Aleah menyambar ponsel di atas meja dan langsung mengangkat telepon mamanya. Ponsel itu dikepit pada bahu dan telinganya sedangkan kedua tangannya mengetik cepat di atas keyboard. "Ya, Ma?"

[Udah ditelepon belom?] tanya mamanya di ujung sana.

"Udah, Ma ...," desah Aleah malas. Kenapa mamanya repot banget, sih? "Kan, Aleah bilang kalo bajunya nanti diambil pas Aleah pulang kantor. Mama pasti lupa baca WhatsApp, deh!"

Desi—mamanya Aleah—memang termasuk wanita yang baru kenal sama WhatsApp. Belum lama pakai aplikasi online itu dan masih saja meneror Aleah pakai SMS atau telepon biasa. Dalam hati Aleah jadi cemas pulsa mamanya itu lebih cepat habis daripada kuotanya. Padahal Aleah sengaja beliin paket 30GB untuk satu bulan biar Desi bisa kekinian sedikit.

[Enggak ada Ashiap, tuh ....]

"WhatsApp, Mama. Bukannya Ashiap," koreksi Aleah sabar-sabar.

[Iya, apalah itu. Nama, kok, susah-susah?] gerutu Desi kemudian. Wanita itu ngedumel-ngedumel pakai rentetan bahasa Jawa yang bikin kepala Aleah makin mumet. Perkara deadline kerjaan yang dimajukan saja sudah bikin mumet. Apalagi dia mesti translate repetan bahasa Jawa yang dikeluarkan Desi? Tak lama Desi melanjutkan, [Kamu pasti belom telepon, kan?]

"Udaahhh, Mamaaaa!" seru Aleah gemas sendiri. "Enggak mungkin WhatsApp Aleah belom nyampe, tandanya udah centang dua, kok! Lagian, Aleah bilang nanti laundry diambil pas Aleah pulang kantor."

[Lho, lho! Siapa yang nanyain soal laundry, sih?] sahut Desi heran di ujung sana.

Aleah mengerjap-ngerjapkan matanya. Kedua tangan gadis itu otomatis berhenti mengetik sementara punggungnya disandarkan ke sandaran kursi. "Emangnya Mama nanyain apa dari tadi?"

[Mama nanya, kamu udah telepon atau belom, Le ...,] ucap Desi dengan nada ditarik-tarik. Kemudian, [Kamu, tuh, enggak budek gara-gara keseringan pake aeroplane di kuping, kan?]
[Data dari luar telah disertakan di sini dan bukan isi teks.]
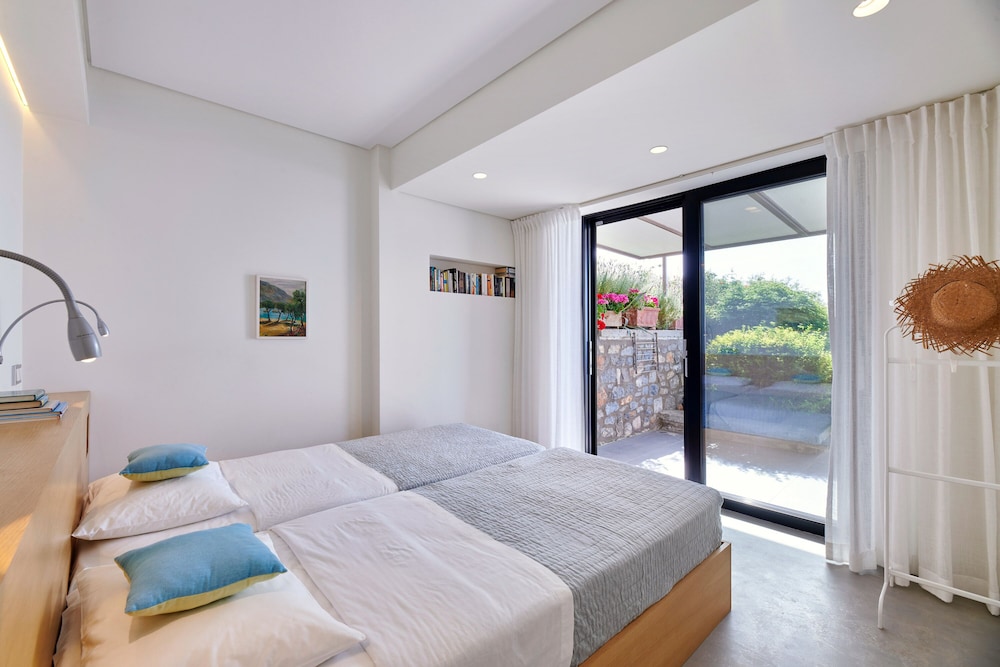 Cape Kitries photo 3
"Airpod, Mamaaaa!" Aleah berseru gemas karena mamanya salah melulu. Yah, tidak bisa disalahin juga. Desi kadang terlalu cuek, ngomong nyablak dan paling bebal kalau diralat melulu. Meski dari tadi Aleah sudah meralat ucapan mamanya, pasti tak lama wanita itu juga sudah lupa lagi.

[Ooh ... iya. Tripod.]

Tuh, kan!

Dalam hati Aleah bertanya-tanya gimana papanya, yang pensiunan Jenderal ABRI, bisa sabar banget menghadapi kekeraskepalaan mamanya itu. Tapi setiap kali Aleah bertanya, papanya justru jawabnya pakai gombalan receh yang langsung bikin satu keluarga menyoraki pria itu.
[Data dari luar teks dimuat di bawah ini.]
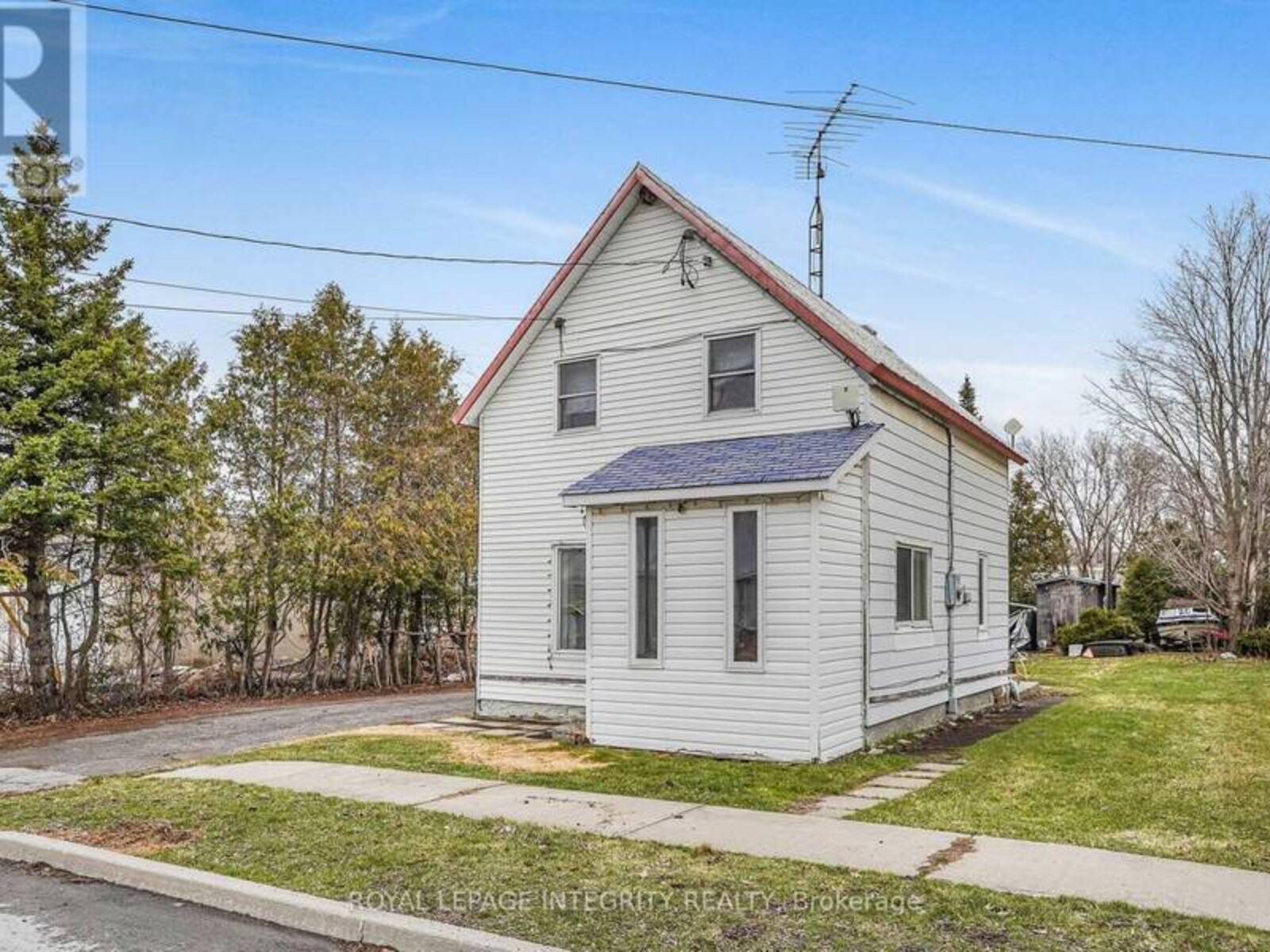 259 BISHOP STREET N, Alexandria, Ontario K0C 1A0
Kemudian Aleah menarik napas dan mengembuskannya perlahan. "Mama mau Aleah telepon siapa, sih?" tanyanya kemudian. Gadis berambut pendek itu mulai capek bermain tebak-tebakan sama mamanya.
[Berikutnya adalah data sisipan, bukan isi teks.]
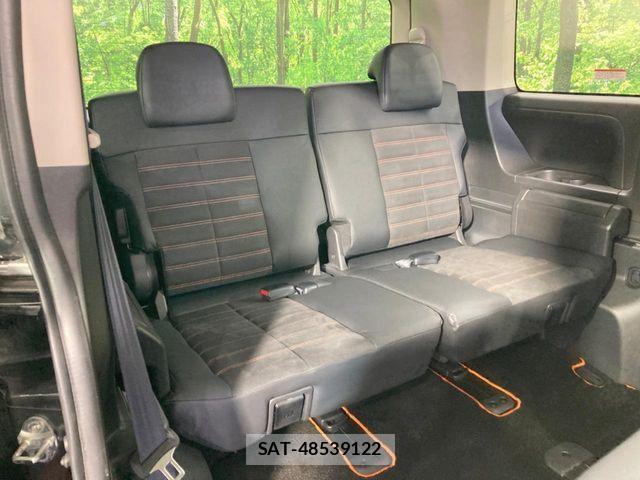 Mitsubishi DELICA 2018-06 8365602-9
[Anaknya Pak Guruh!] Sekarang gantian Desi yang berseru gemas. Suaranya meninggi sampai Aleah menjauhkan sedikit ponselnya dari telinga. [Kan, kamu diminta telepon anaknya hari ini!]

Kening Aleah mengernyit. Seingatnya, dia tidak janji apa-apa mau telepon anak kerabat mamanya itu. Boro-boro, kayaknya Aleah juga tidak ingat dia punya nomor anaknya Pak Guruh. "Kapan Aleah ngomong gitu?" tanyanya heran.

[Aduh, kamu masih muda tapi pikunnya ngalahin eyang kamu!] omel Desi kesal. [Nih, untung Mama udah nyimpen nomor anaknya Pak Guruh! Kamu mesti telepon dia abis ini. Ngerti?]

Aleah baru mau memprotes permintaan absurd mamanya, tapi Desi keburu menyebutkan rentetan nomor di ujung telepon sana. Saking paniknya, Aleah langsung menyambar spidol papan tulis yang ada di mejanya. Kemudian dengan cepat Aleah menulis deretan angka yang disebut mamanya di sebuah kertas yang paling cepat ditemukannya.